We were talking about my getting used to being alone (I am in the process of being unmarried) and I mentioned getting a cat to keep me company.
"You must get a tuxedo cat," my friend Megan told me solemnly.
Yes, she only said six words on the matter, but she said them in such a way that she would later apologize for being bossy. I explained that she made the classic mistake, among strong, intelligent women, of calling herself "bossy" for behavior that, among men, is simply called "stating a belief." Being a librarian--which means I've had a lot of female bosses--I've learned that when a woman gets serious about something, it's best to listen, as she is probably right.
Hugo was terrified when I brought him home from North Shore Animal League (the largest no-kill shelter in The United States, I have you know). For two days, he hid in closets and underneath my futon sofa. He couldn't even figure out that the doghouse-looking thing in the bathroom with the swinging door was his litter box, so I had to scrub my bathmat for reasons that require no elaboration.
Then however, came Friday.
Perhaps Hugo's breakthrough was due to the energy my dad send out. He is, as my friends who've met him will tell you, one of the kindest, most easygoing people on the planet. As if someone had switched on a current, Hugo came out from underneath my futon sofa (another safe haven) and started winding around my father's legs.
What had happened, obviously, came after a great deal of deliberation on Hugo's part. I had, after all, placed a great deal of responsibility on Hugo, as does anyone who takes a cat into a dwelling, particularly when that cat is to be the sole resident.
The reason for this is quite simple: the cat must accept their appointment as Emperor of the Dwelling.
I've had cats for over 40 years. I feel very old writing this, but there it is: over 40 years. Having this sort of experience I can tell you that the whole thing about them having no concern for humans is just...not true.
Cats never quite let themselves be domesticated the way dogs did. Dogs became social in exchange for human protection and contact, and in return became a creature in which they have several jobs: herding, hunting, home security, tracking. Cats, meanwhile, looked at desperate Ancient Egyptians whose grain supplies were under attack from rats, and said "take care of us and we'll kill for you and hang out with you...but that's it, and we work alone."
Thus if you own a cat, you don't own a military recruit who's going to play saxophone in the USO...that's a dog; no, you have a sniper on your hands. They will be solitary. They will stare out the window a great deal of time, sighting prey with a quiet, almost autistic focus.
Yet they are, most of the time, fair and just rulers they take their job seriously. They feel a debt to the person or people over whom they govern, who do such trivial things as provide food and shelter. Consequently, they develop that sixth sense of coming to you when you need them.

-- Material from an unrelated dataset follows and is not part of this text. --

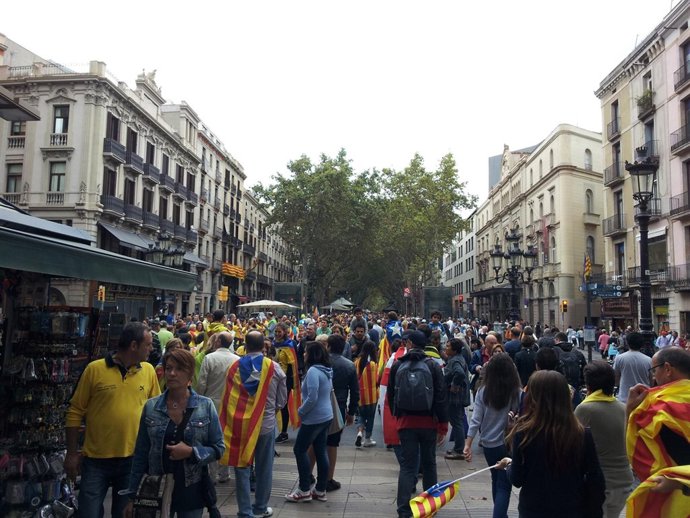 Preparativos de la Via en la Rambla de Barcelona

Granted, they often come to you when you don't need them. According to The Book of Lists or The Book of Lists 2 (I forget which one), a writer--I think it was Georges Simenon--called his cat "Madame Secretary," because she would be on whatever particular piece of paper he needed at any given moment.
Still, though, Hugo just knows when I'm really feeling down. And I feel down sometimes; it's not easy having a marriage fall apart. It doesn't matter how it happened, it doesn't matter who did what; the fact remains that you're now both alone, and more than a bit scared as to what's going to happen next.
And somehow, Hugo, always aware of his duty to his loyal subject, and always well-dressed, knows exactly when to glide up to me, sit on my lap, or lie down right next to my head when I'm in bed, and ask what the problem is. Then, in exchange for little more than scratching behind his ears, he tells me, in a language of purrs and body language that includes a great deal of stretching, that everything's going to be all right.
Of course, he eventually leaps away, off to the easy chair or ottoman (Emperors of Apartments and Houses require many, many thrones). He is, however, simply digesting his session with me. He needs time to formulate followup sessions to remind me that there is only the present, and that life, indeed, goes on.
I have often thought that if the Hindus are right and that life is a quest through many lifetimes in order to find Nirvana, then a cat was a really good person in the last life who, in this life, is getting a ten or twenty year rest. Ascension to Nirvana is hard work, after all, and Hugo deserves a break from his travels.
Hugo clearly was a gentleman in his past life--he even took his best clothes with him into this one--and rules my apartment with a just and loving paw. For this, I am eternally grateful.